[Given data]:
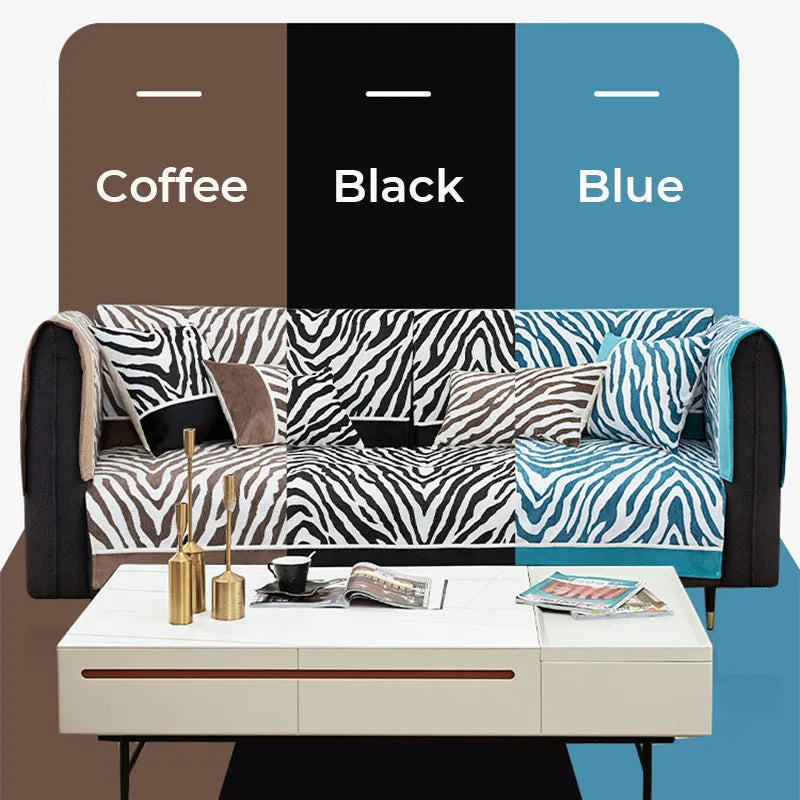 Housse en Chenille Imprimé Zebra Sauvage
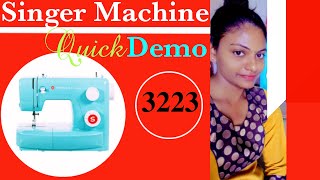 Singer Demo/ simple machine/quick demo/ 3223 model sewing machine demo/ singer green 3223 quick demo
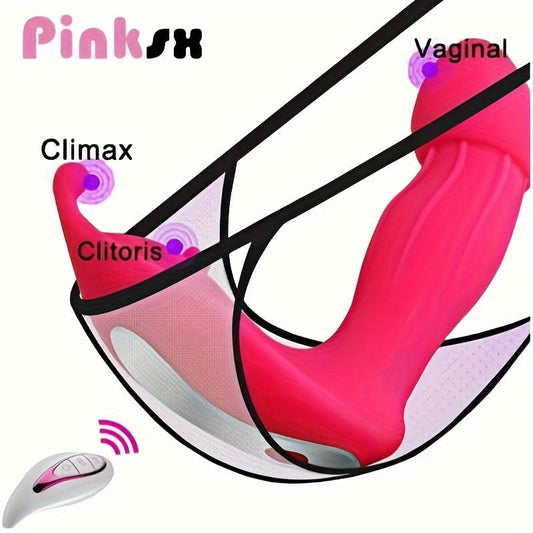 12 Vibrating Modes Wearable Panties Vibrator Adult Sex Toys Mini Butterfly Vibrator with Remote Control Clitoris Vagina G Spot Dildo Vibrator Electric Dual Motor Vibrating Clitoral Stimulator for Couples Women Men - LustMia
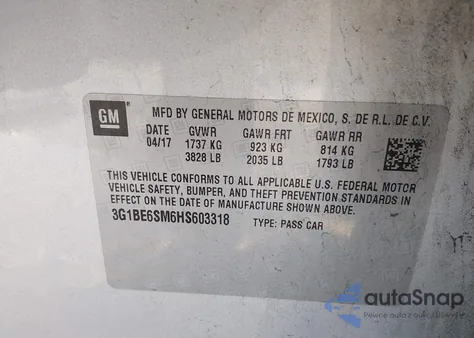 2017 Chevrolet Cruze Lt Auto from USA, damaged, VIN 3G1BE6SM6HS603318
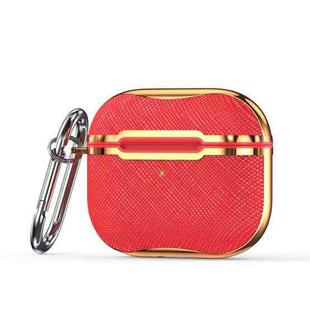 Cloth Texture Electroplating Frame Earphone Protective Case with Hook For AirPods 3(Red + Gold)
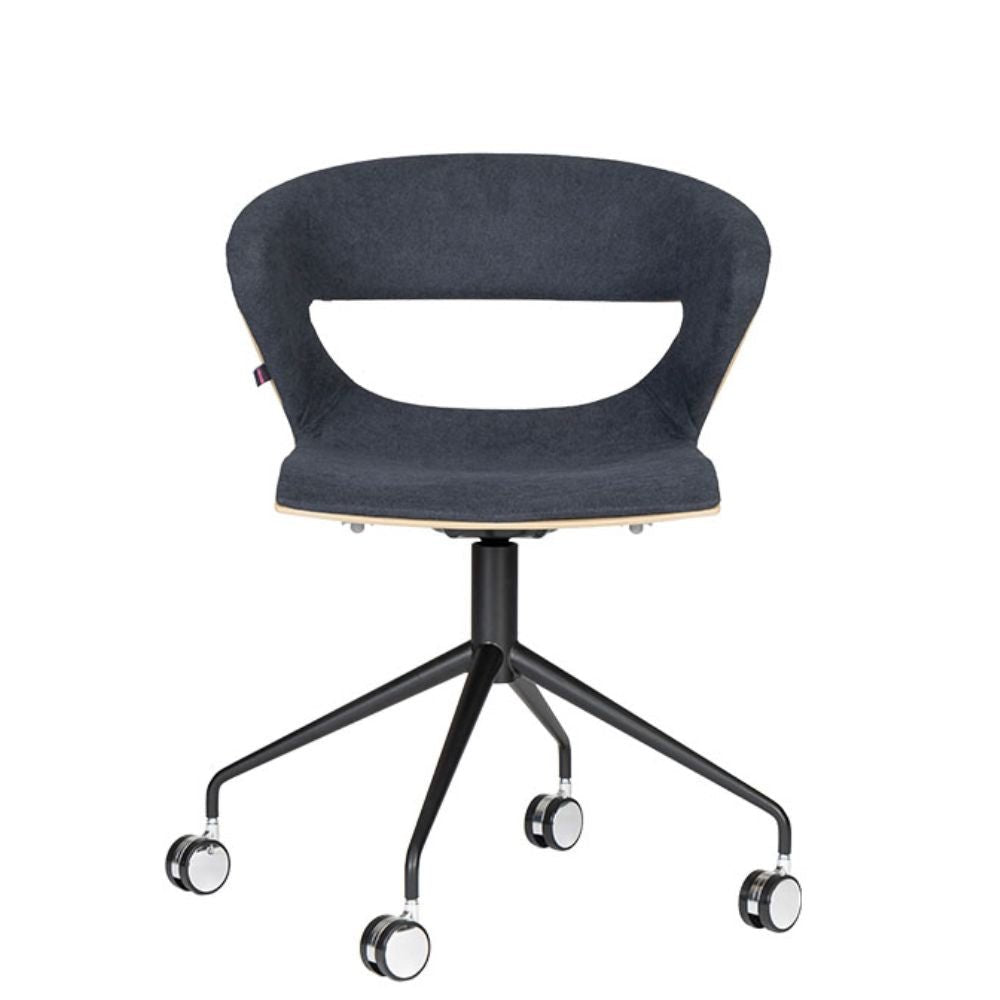 Silla de oficina secretarial Techno Kicca en polipropileno tapizado con base de metal negro y rodajas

[What to do]: Please retype all the entries word for word, omitting the pictures.

[Answer section]:
 Housse en Chenille Imprimé Zebra Sauvage
 Singer Demo/ simple machine/quick demo/ 3223 model sewing machine demo/ singer green 3223 quick demo
 12 Vibrating Modes Wearable Panties Vibrator Adult Sex Toys Mini Butterfly Vibrator with Remote Control Clitoris Vagina G Spot Dildo Vibrator Electric Dual Motor Vibrating Clitoral Stimulator for Couples Women Men - LustMia
 2017 Chevrolet Cruze Lt Auto from USA, damaged, VIN 3G1BE6SM6HS603318
 Cloth Texture Electroplating Frame Earphone Protective Case with Hook For AirPods 3(Red + Gold)
 Silla de oficina secretarial Techno Kicca en polipropileno tapizado con base de metal negro y rodajas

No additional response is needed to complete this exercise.